The following information is attached to the *SummarizedExperiment* by
`tximeta`: 

```{r}
names(metadata(se))
str(metadata(se)[["quantInfo"]])
str(metadata(se)[["txomeInfo"]])
str(metadata(se)[["tximetaInfo"]])
str(metadata(se)[["txdbInfo"]])
```

# Quantification files with an unknown transcriptome

`tximeta` automatically imports relevant metadata when the
transcriptome matches a known source, but also facilitates the
linking of transcriptomes used as for a *Salmon* index with relevant
public sources. The linking is important in the case that the
transcript sequence no longer matches a known source (combined or
filtered FASTA files), or if the source is not known to
`tximeta`. Below we demonstrate how to make a *linkedTxome* and how
to share and load a *linkedTxome*.

Here we point to *Salmon* quantification files which were quantified
against a transcriptome combining two Ensembl FASTA files: the cDNA
and the non-coding transcripts for *Drosophila melanogaster*.

```{r}
dir <- system.file("extdata/salmon_dm/SRR1197474", package="tximportData")
file <- file.path(dir, "quant.sf.gz")
file.exists(file)
coldata <- data.frame(files=file, names="SRR1197474", sample="1",
                      stringsAsFactors=FALSE)
```

Trying to import the files gives a message that `tximeta` couldn't find
a matching transcriptome, so it returns an un-ranged
*SummarizedExperiment*. 

```{r}
se <- tximeta(coldata)
```

# Linked transcriptome for reproducible analysis

If the transcriptome used to generate the *Salmon* index does not
match any transcriptomes from known sources (e.g. from combining or filtering
known transcriptome files), there is not much that can be done to
automatically populate the metadata during quantification
import. However, we can facilitate the following two cases: 

1) the transcriptome was created locally and has been linked to its
public source(s) 
2) the transcriptome was produced by another group, and
they have produced and shared a file that links the transcriptome to
public source(s)

`tximeta` offers functionality to assist reproducible analysis in both
of these cases.

In the case of the quantification file above, the transcriptome was
generated locally by downloading and combining the Ensembl cDNA and
non-coding FASTA files *Drosophila melanogaster*, release 92. The
following un-evaluated command line code chunk reproduces the
production of the transcriptome from publicly available sources.

```
wget ftp://ftp.ensembl.org/pub/release-92/fasta/drosophila_melanogaster/cdna/Drosophila_melanogaster.BDGP6.cdna.all.fa.gz 
wget ftp://ftp.ensembl.org/pub/release-92/fasta/drosophila_melanogaster/ncrna/Drosophila_melanogaster.BDGP6.ncrna.fa.gz
cat Drosophila_melanogaster.BDGP6.cdna.all.fa.gz Drosophila_melanogaster.BDGP6.ncrna.fa.gz > Drosophila_melanogaster.BDGP6.v92.fa.gz
```

To make this quantification reproducible, we make a `linkedTxome`
which records key information about the sources of the transcript
FASTA files, and the location of the relevant GTF file. It also
records the signature of the transcriptome that was computed by
*Salmon* during the `index` step.

By default, `linkedTxome` will write out a JSON file which can be
shared with others, linking the signature of the index with the other
metadata, including FASTA and GTF sources. By default, it will write
out to a file with the same name as the `indexDir`, but with a `.json`
extension added. This can be prevented with `write=FALSE`, and the
file location can be changed with `jsonFile`.

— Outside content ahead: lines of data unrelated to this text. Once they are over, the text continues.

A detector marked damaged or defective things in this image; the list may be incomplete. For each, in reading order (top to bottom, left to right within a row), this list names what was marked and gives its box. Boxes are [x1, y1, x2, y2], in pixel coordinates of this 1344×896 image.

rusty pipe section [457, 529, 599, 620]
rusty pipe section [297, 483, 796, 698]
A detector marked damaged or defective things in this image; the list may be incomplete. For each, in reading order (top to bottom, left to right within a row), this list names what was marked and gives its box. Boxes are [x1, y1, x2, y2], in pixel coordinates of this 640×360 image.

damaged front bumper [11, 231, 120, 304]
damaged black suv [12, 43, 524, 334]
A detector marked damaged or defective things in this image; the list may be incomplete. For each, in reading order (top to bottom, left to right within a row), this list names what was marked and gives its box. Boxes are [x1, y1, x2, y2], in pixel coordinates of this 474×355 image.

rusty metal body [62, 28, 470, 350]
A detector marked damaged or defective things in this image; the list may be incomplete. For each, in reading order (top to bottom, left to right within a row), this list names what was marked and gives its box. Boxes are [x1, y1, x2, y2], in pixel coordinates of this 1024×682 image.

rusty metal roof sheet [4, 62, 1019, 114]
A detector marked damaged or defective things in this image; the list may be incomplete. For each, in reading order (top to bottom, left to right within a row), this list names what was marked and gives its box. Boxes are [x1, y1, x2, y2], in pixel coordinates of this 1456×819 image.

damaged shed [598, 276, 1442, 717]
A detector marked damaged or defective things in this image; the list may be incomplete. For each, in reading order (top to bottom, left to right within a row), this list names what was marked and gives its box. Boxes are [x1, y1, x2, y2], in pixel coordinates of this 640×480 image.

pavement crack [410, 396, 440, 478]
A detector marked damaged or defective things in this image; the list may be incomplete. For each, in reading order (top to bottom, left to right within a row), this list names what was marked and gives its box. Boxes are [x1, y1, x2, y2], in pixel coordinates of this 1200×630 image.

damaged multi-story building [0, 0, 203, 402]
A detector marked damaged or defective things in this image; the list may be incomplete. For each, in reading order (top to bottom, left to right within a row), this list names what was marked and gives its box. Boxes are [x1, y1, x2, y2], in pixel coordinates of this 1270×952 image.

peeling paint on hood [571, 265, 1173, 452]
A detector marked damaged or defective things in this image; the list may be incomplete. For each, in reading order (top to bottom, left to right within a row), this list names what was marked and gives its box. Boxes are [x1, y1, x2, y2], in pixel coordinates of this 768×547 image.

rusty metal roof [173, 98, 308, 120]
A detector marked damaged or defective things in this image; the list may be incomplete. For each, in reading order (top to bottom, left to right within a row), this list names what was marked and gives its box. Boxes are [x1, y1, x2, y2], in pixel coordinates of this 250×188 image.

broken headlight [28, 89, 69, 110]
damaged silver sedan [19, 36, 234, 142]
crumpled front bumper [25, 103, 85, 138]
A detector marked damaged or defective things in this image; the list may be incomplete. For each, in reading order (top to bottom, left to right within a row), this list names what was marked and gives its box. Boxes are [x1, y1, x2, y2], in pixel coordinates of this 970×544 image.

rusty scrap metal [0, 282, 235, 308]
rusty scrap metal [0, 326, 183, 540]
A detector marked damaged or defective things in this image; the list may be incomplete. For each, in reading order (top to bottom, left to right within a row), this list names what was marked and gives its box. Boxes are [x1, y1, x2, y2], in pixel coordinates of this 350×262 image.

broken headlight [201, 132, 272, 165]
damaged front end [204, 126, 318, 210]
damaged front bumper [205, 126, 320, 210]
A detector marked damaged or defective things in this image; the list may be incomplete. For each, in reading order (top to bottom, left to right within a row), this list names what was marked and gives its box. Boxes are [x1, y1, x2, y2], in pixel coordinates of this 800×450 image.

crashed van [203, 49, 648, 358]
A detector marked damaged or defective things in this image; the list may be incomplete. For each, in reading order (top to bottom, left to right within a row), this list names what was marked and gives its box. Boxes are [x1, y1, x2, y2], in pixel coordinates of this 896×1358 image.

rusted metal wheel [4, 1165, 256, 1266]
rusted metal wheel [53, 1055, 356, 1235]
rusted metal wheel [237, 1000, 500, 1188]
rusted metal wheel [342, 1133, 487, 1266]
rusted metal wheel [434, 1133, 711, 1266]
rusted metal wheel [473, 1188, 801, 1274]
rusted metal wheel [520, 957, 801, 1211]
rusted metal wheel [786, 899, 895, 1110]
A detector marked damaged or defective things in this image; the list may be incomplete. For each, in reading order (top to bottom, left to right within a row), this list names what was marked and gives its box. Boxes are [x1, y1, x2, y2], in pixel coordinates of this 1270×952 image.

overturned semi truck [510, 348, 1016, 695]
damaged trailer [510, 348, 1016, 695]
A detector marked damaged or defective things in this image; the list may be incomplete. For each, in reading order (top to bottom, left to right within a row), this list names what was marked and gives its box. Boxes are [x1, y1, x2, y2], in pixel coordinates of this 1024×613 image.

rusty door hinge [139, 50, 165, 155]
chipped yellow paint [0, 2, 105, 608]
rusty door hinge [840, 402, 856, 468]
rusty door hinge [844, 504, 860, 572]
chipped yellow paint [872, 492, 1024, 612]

First we specify the path where the *Salmon* index is located. 

Typically you would not use `system.file` to find this directory, but
simply define `indexDir` to be the path of the *Salmon* directory on
your machine. Here we use `system.file` because we have included parts
of a *Salmon* index directory in the *tximeta* package itself for
demonstration of functionality in this vignette.

```{r}
dir <- system.file("extdata", package="tximeta")
indexDir <- file.path(dir, "Drosophila_melanogaster.BDGP6.v92_salmon_0.10.2")
```

Now we provide the location of the FASTA files and the GTF file for
this transcriptome. The recommended usage of `tximeta` would be to
specify a remote GTF source, as seen in the commented-out line below:

```{r}
fastaFTP <- c("ftp://ftp.ensembl.org/pub/release-92/fasta/drosophila_melanogaster/cdna/Drosophila_melanogaster.BDGP6.cdna.all.fa.gz",
              "ftp://ftp.ensembl.org/pub/release-92/fasta/drosophila_melanogaster/ncrna/Drosophila_melanogaster.BDGP6.ncrna.fa.gz")
#gtfFTP <- "ftp://ftp.ensembl.org/pub/release-92/gtf/drosophila_melanogaster/Drosophila_melanogaster.BDGP6.92.gtf.gz"
```

Instead of the above commented-out FTP location for the GTF file, we
specify a location within an R package. This step is just to avoid
downloading from a remote FTP during vignette building. This use of
`system.file` to point to a file in an R package is specific to this
vignette and would not be used in a typical workflow.

```{r}
dir2 <- system.file("extdata/salmon_dm", package="tximportData")
gtfPath <- file.path(dir2,"Drosophila_melanogaster.BDGP6.92.gtf.gz")
```

Finally, we create a *linkedTxome*.  In this vignette, we point to a
temporary directory for the JSON file, but a more typical workflow
would write the JSON file to the same location as the *Salmon* index
by not specifying `jsonFile`.

`makeLinkedTxome` performs two operation: (1) it creates a new entry in
an internal table that links the transcriptome used in the *Salmon*
index to its sources, and (2) it creates a JSON file such that this
*linkedTxome* can be shared.

```{r}
tmp <- tempdir()
jsonFile <- file.path(tmp, paste0(basename(indexDir), ".json"))
makeLinkedTxome(indexDir=indexDir,
                source="Ensembl", organism="Drosophila melanogaster",
                release="92", genome="BDGP6",
                fasta=fastaFTP, gtf=gtfPath,
                jsonFile=jsonFile)
```

After running `makeLinkedTxome`, the connection between this *Salmon*
index (and its signature) with the sources is saved for persistent
usage.

With use of `tximeta` and a *linkedTxome* -- as with `tximeta` on a
known, un-filtered, un-combined transcriptome -- the software
figures out if the remote GTF has been accessed and compiled into a
*TxDb* before, and on future calls, it will simply load the
pre-computed metadata and transcript ranges.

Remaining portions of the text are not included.